Writing Composable R Code: Pipes, Functions & Functional Architecture
Composable code means building complex operations from simple, reusable pieces that snap together like Lego blocks. This tutorial shows you how to write R functions that compose naturally using pipes, higher-order functions, and clean architecture.
Most R scripts start well but grow into tangled spaghetti. The fix isn't more comments or better variable names — it's composability. When each function does one thing and plays nicely with others, your code stays readable at any scale.
What Makes Code Composable?
A composable function has three properties:
Single responsibility — it does one thing well
Consistent interface — data in, data out (same type when possible)
No hidden state — the result depends only on the arguments
# NOT composable: does too many things, side effects, hidden state
process_data <- function(file) {
data <- read.csv(file) # I/O side effect
data <- data[complete.cases(data), ] # Cleaning
data$score <- scale(data$score) # Transformation
write.csv(data, "output.csv") # I/O side effect
cat("Done!

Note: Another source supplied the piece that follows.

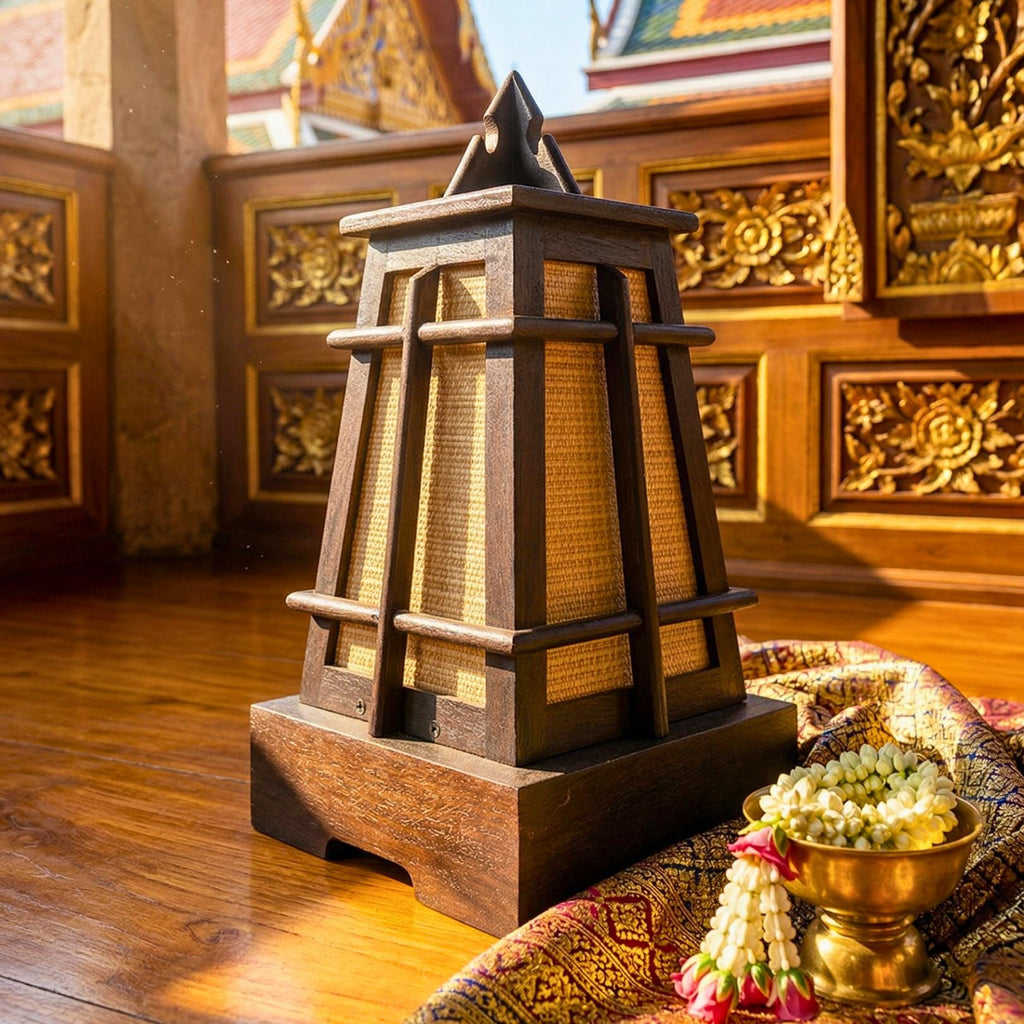 Table Lantern Teak Wood Dark Espresso 15 Inch Zen Lighting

Processed", nrow(data), "rows\n") # Print side effect
data
}
# COMPOSABLE: each function does one thing
read_data <- \(file) read.csv(file)
remove_na <- \(df) df[complete.cases(df), ]
scale_column <- \(df, col) { df[[col]] <- scale(df[[col]]); df }
Pipes: The Composition Operator
Pipes connect composable functions into readable pipelines. R has two pipe operators.

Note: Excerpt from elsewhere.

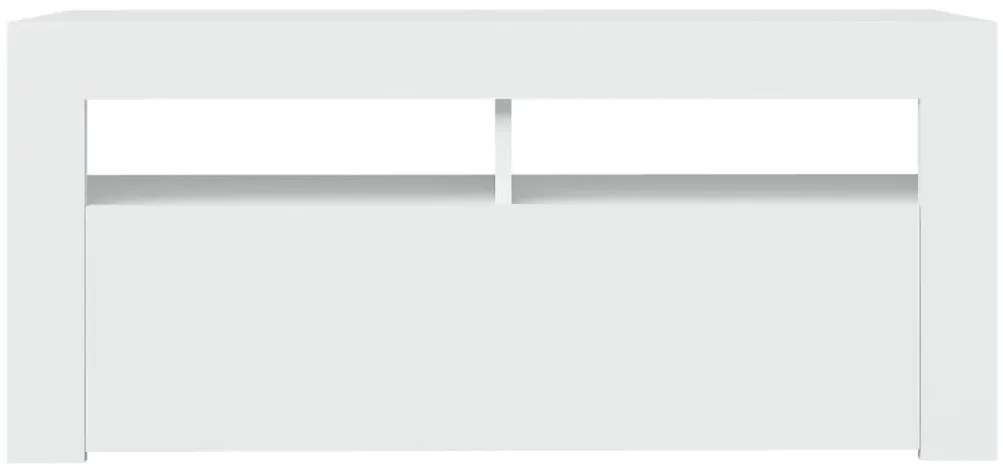 Móvel de TV com luzes LED 90x35x40 cm branco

The Native Pipe |> (R 4.1+)
# Without pipes: read inside-out
result <- round(mean(abs(c(-3, 1, -5, 2, -4))), 2)
cat("Nested:", result, "\n")
# With native pipe: read left to right
result <- c(-3, 1, -5, 2, -4) |> abs() |> mean() |> round(2)
cat("Piped:", result, "\n")
For a function to work well with pipes, the data argument should come first.

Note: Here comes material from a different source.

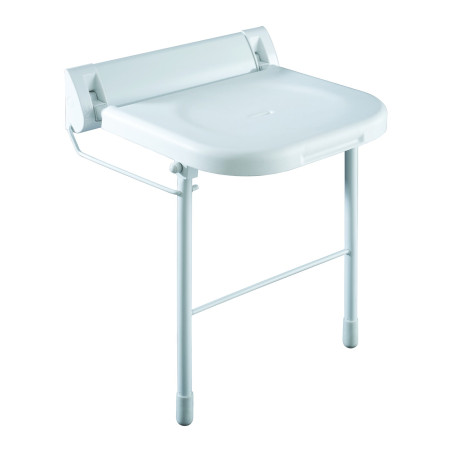 Siège de douche en ABS blanc relevable avec béquille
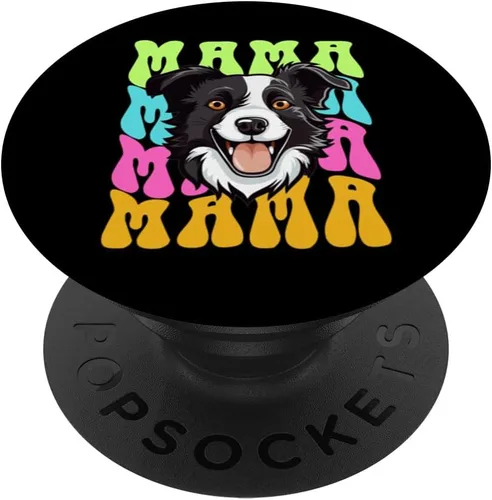 Vista 6 de Border collie owner mom mama cute dog woman sunglasses PopSockets MagSafe PopGrip for iPhone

# Pipe-friendly: data is first argument
add_column <- function(df, name, values) {
df[[name]] <- values
df
}
tag_rows <- function(df, condition_col, threshold, label = "high") {
df$tag <- ifelse(df[[condition_col]] > threshold, label, "low")
df
}
# Now they compose with pipes
result <- mtcars[1:5, c("mpg", "hp")] |>
add_column("brand", rownames(mtcars)[1:5]) |>
tag_rows("mpg", 20, "efficient")
print(result)
Composing with Higher-Order Functions
Higher-order functions (functions that take or return functions) are the backbone of composable R code.
Pattern: Transform-Then-Summarize
# Reusable building blocks
trim_outliers <- function(x, lower = 0.05, upper = 0.95) {
q <- quantile(x, c(lower, upper), na.rm = TRUE)
x[x >= q[1] & x <= q[2]]
}
robust_summary <- function(x) {
c(mean = mean(x, na.rm = TRUE),
median = median(x, na.rm = TRUE),
sd = sd(x, na.rm = TRUE),
n = length(x))
}
# Compose them
set.seed(42)
data <- c(rnorm(100), 50, -50) # Normal data + outliers
cat("Raw summary:\n")
print(round(robust_summary(data), 2))
cat("\nTrimmed summary:\n")
print(round(robust_summary(trim_outliers(data)), 2))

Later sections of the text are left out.